Habrá quien piense que dedicar 21 días –13 de ellos laborales– a escribir un diario del Giro –o de la Vuelta a España– en una plataforma casera de escasa visibilidad es una profunda pérdida de tiempo, una gilipollez que no genera ganancias materiales. También hay quienes consideran que ir en bicicleta, por el simple placer de poder hacerlo, es otra soberana gilipollez. Como aquel encabronado señor que iba soltando humo en el tren que nos llevaba de Figueres a Granollers durante una de las jornadas de descanso. Cada vez que se subía un incauto cicloturista al vagón, aumentaba la bronca: “¡Otra bicicleta! ¡Vaya por Dios! ¿Pero es que no tienen adónde ir? ¿Si tanto les gusta ir en bici, porqué viajan en tren?”, refunfuñaba, con creciente vehemencia hacia un grupo de divertidas jubiladas. ¿Y usted, por qué no va a pie?”, intercedió una de las interpeladas. “¡Yo voy a trabajar!”, contestó, altivo, embriagado de orgullo e indignación, el agraviado. “¡Uuuyyy, que suerteee!”, respondió, con no poca guasa, la otra. “¡Nosotras ya no podemos trabajar, que somos viejas! ¡Señal de que usted aún está bien joven!”. Ya no dijo nada más el usuario cascarrabias, quien sabe si herido en su orgullo, y se bajó en la siguiente estación, suponemos que presto al riguroso cumplimiento del deber profesional. Las jubiladas desalojaron el convoy poco después, entre bromas y risas, dispuestas al goce y disfrute de un día de paseo bajo el sol.
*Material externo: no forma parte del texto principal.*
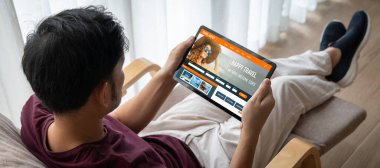 Model arama ve seyahat planlama için internet sitesi uçuş, otel ve tur rezervasyonları için anlaşma ve paket sunuyor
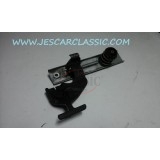 Renault Clio II - Mecanismo de abertura capot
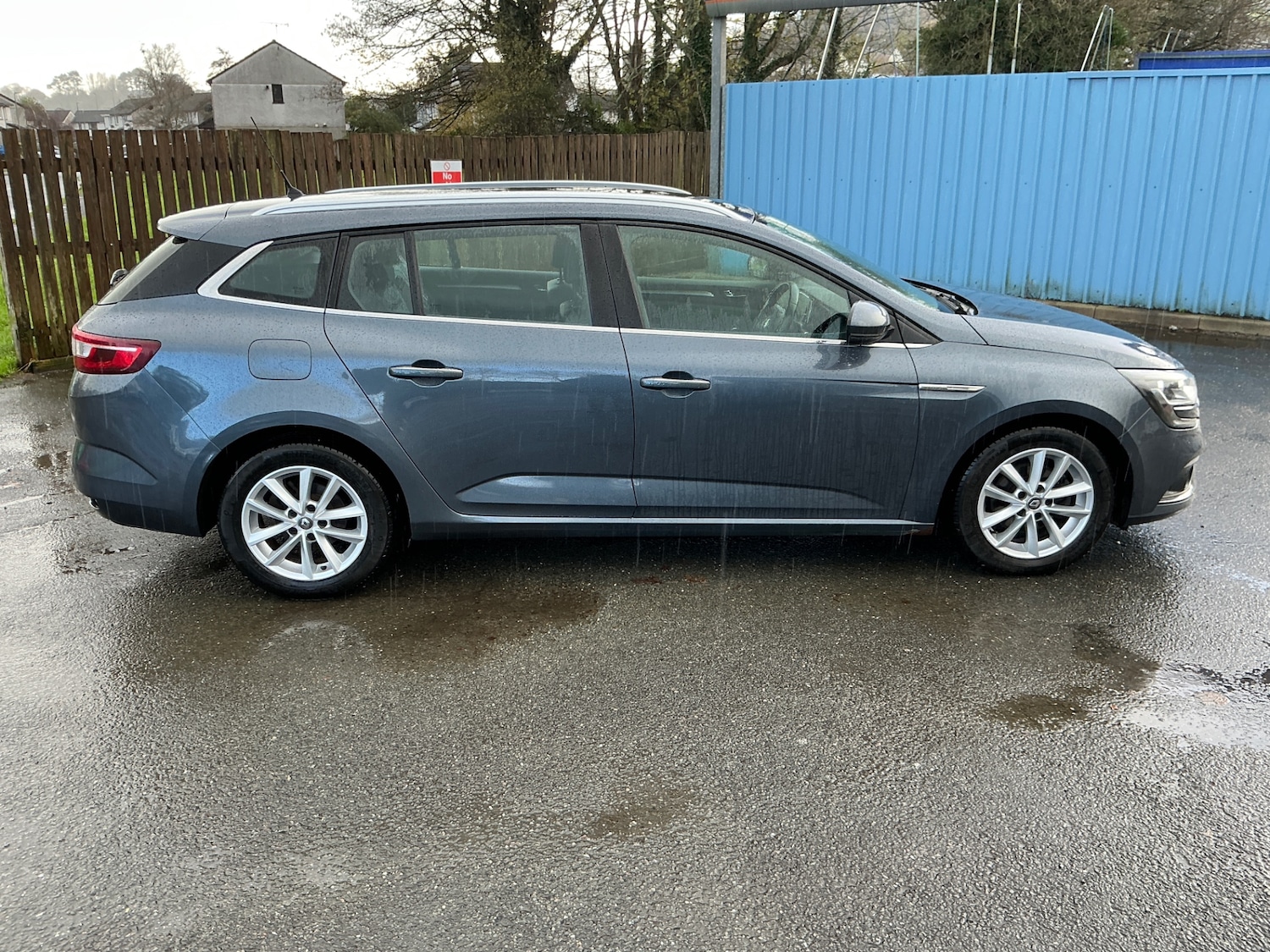 Used Renault Megane 2017 for sale - 76076494: Photo 8
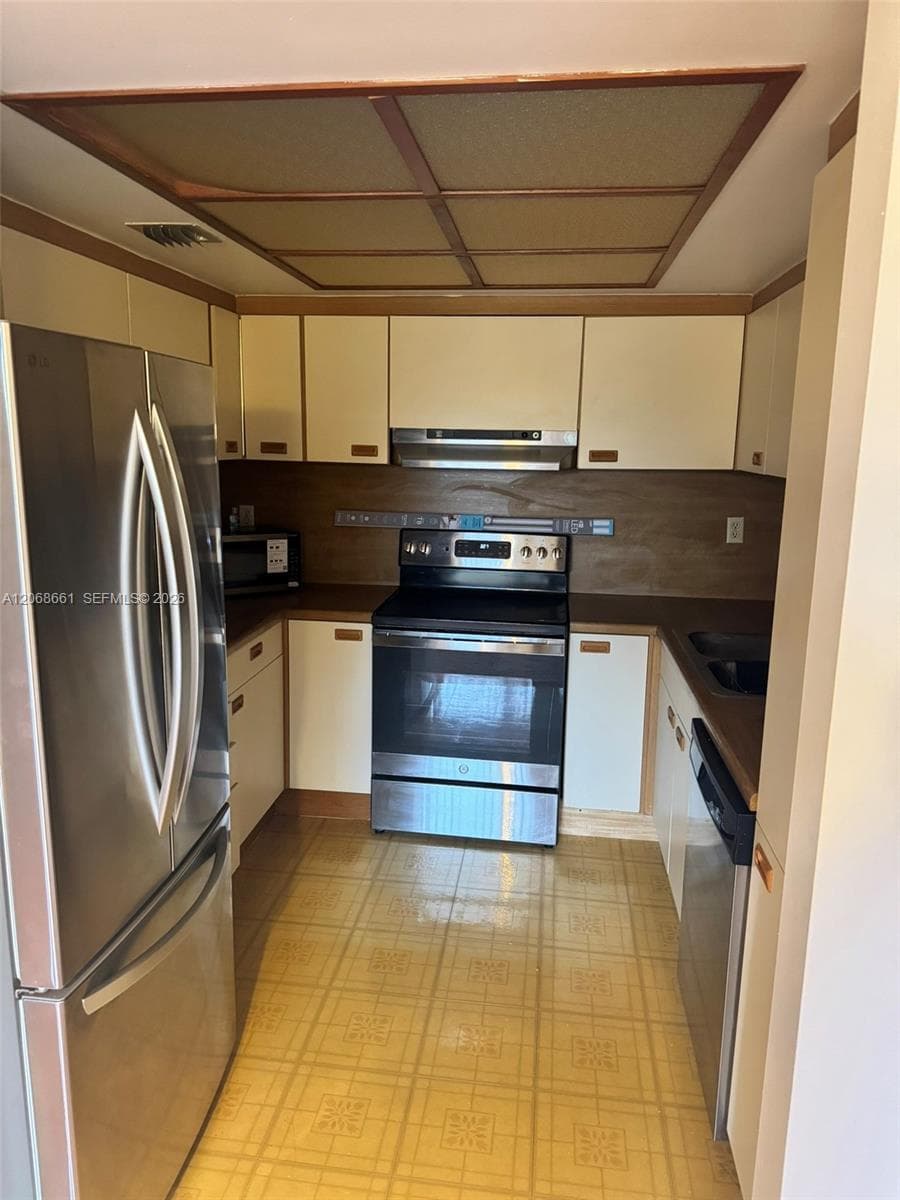 KENLAND POINTE CONDO #1 · #O406 in Miami - Photo 16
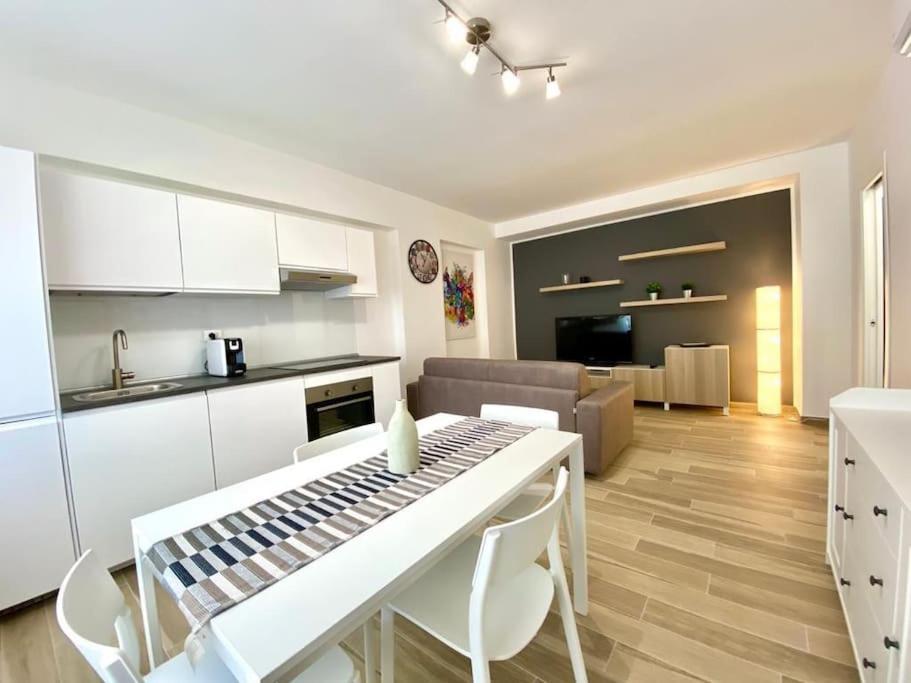 Un Raggio Di Sole Al Massimo Apartment Palermo Luaran gambar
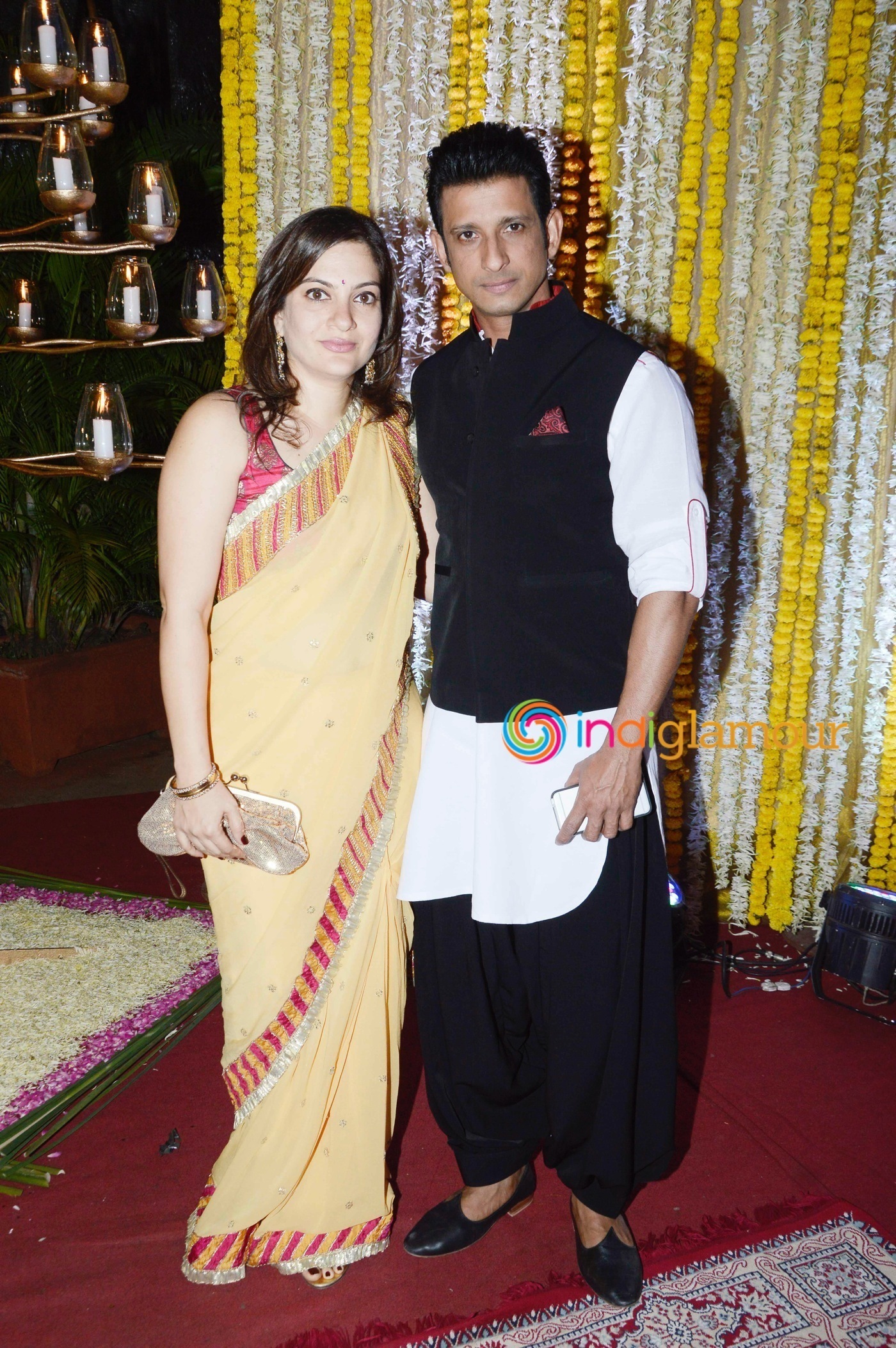 Amitabh Bachchan and Others attend Ronit Roy's Mata Ki Chowki on his Birthday Event Event hd photo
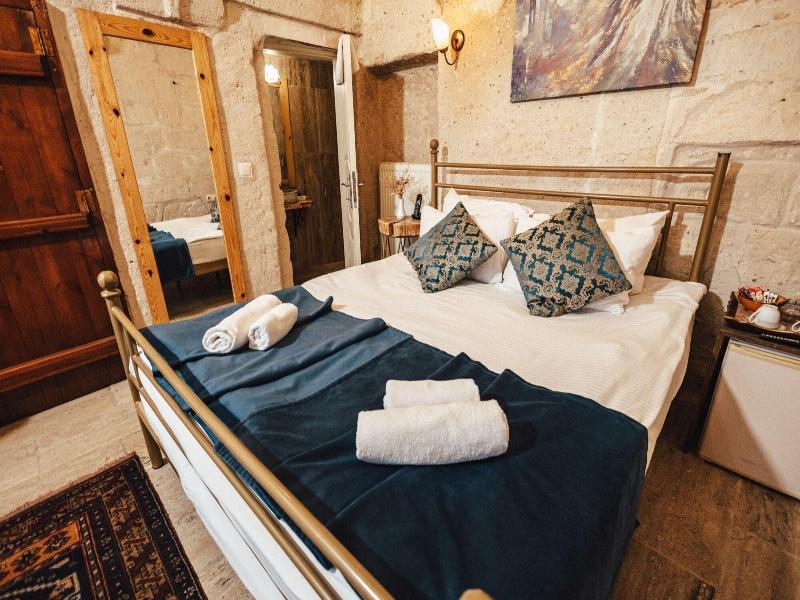 Young Cave Hotel image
Nosotros seguimos el viaje con una lección gratuita de justicia poética al corazón de la más salvaje y descarnada dictadura de la productividad en las alforjas; también con ganas de unirnos al alegre desfile velocípedo con el balanceo del pedal y de continuar relatando etapas con el masajeo del teclado. Pero, sobre todo, de apreciar en toda su dimensión la ruta y no perder tiempo en peleas absurdas y otras gilipolleces.